Petrovich scoffed. “Everyone goes right to those posts,” the lawyer said. “That exacerbates the situation.”
But to Wiedemann, a thoughtful, animated computer-systems manager, it’s all about transparency and freedom of speech. He removes posts only if they violate his basic ground rules: No personal attacks, no complete garbage, no impersonation. He will try to eliminate racist or extremely vile content if it appears to originate from outside Fairfax, and he has blocked all posters from Europe and Asia. But if you’re local and you want to say something, you can pretty much say it on Fairfax Underground.
Wiedemann first had the idea for a local site that would attract users and chatter by collecting Fairfax arrest data and making it searchable. The site went live in 2005 with the goal of being “completely honest, open and accessible to everybody.” No registration. No moving images. No up-or-down voting on posts. Just raw peer-to-peer chat, not sponsored by any corporation and free of advertising. Wiedemann makes no money and maintains the server himself.
“Fairfax Underground is a cesspool primarily because anonymous, unregistered users are allowed to post,” Wiedemann said. “But it’s a cesspool that accurately reflects the inner thoughts and motives of the community at large. Previously private prejudices can be exposed, and challenged, with impunity. The Internet is about peer-to-peer communication, without an editor’s lens or filters. My role is strictly to keep order and to dispel misinformation.”

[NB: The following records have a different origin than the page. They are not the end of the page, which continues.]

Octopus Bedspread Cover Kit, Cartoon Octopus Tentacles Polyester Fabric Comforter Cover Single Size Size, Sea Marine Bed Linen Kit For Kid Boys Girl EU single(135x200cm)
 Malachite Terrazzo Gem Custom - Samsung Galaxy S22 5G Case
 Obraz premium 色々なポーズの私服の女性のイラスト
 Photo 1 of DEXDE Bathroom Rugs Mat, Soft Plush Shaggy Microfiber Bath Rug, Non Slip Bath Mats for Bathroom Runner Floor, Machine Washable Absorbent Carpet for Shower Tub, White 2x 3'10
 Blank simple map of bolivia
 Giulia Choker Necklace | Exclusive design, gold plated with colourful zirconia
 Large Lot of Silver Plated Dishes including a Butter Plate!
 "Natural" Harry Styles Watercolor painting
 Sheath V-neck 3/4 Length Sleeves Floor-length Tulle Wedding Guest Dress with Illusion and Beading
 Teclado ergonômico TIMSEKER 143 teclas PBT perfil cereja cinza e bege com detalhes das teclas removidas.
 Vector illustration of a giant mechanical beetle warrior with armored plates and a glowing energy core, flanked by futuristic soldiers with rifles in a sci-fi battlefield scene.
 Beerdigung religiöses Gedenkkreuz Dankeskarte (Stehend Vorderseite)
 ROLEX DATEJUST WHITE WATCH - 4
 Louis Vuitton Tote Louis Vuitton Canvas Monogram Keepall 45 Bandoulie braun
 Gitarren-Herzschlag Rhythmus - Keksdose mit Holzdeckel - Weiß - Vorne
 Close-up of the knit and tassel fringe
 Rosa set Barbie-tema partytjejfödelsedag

In the case of the Fairfax school grades, there was no personal information such as addresses or Social Security numbers, so the data were merely embarrassing, not dangerous, Wiedemann argued. In the West Springfield episode, Fairfax police had not reported anything, so people came to Fairfax Underground for answers, he said.
Officer Eddy Azcarate said Fairfax police’s public information office “didn’t find out about the arrests until two weeks after they happened. We made the decision, because it’s an ongoing investigation and it’s juveniles, not to do a [press] release. With juveniles, there’s very little we can say anyway. We did respond to all inquiries as they came in.”
Various police officials monitor Fairfax Underground, if only to take the temperature of the community, but sometimes officers post requests for help or tips on an investigation. They recognize the power and pitfalls of the site. And so does its creator.
Over the years, Wiedemann has been a target for Fairfax Underground posters, whether for the unfettered nature of the site or his nearly 2,000 “edit by Cary” modifications or deletions of various postings. Some postings point out his own arrest record for traffic and marijuana-related offenses (one possession plea at age 19, one distribution charge dropped in 2010) ; he does not touch those.
“I have to have a thick skin, and I do,” said the Northern Virginia native and former Chantilly High student. “I don’t want people to think I treat myself any differently. But ultimate transparency is the key to everything, for our society to learn.
“I’m not trying to be a troublemaker. I’m legitimately trying to inform the community of what’s going on.”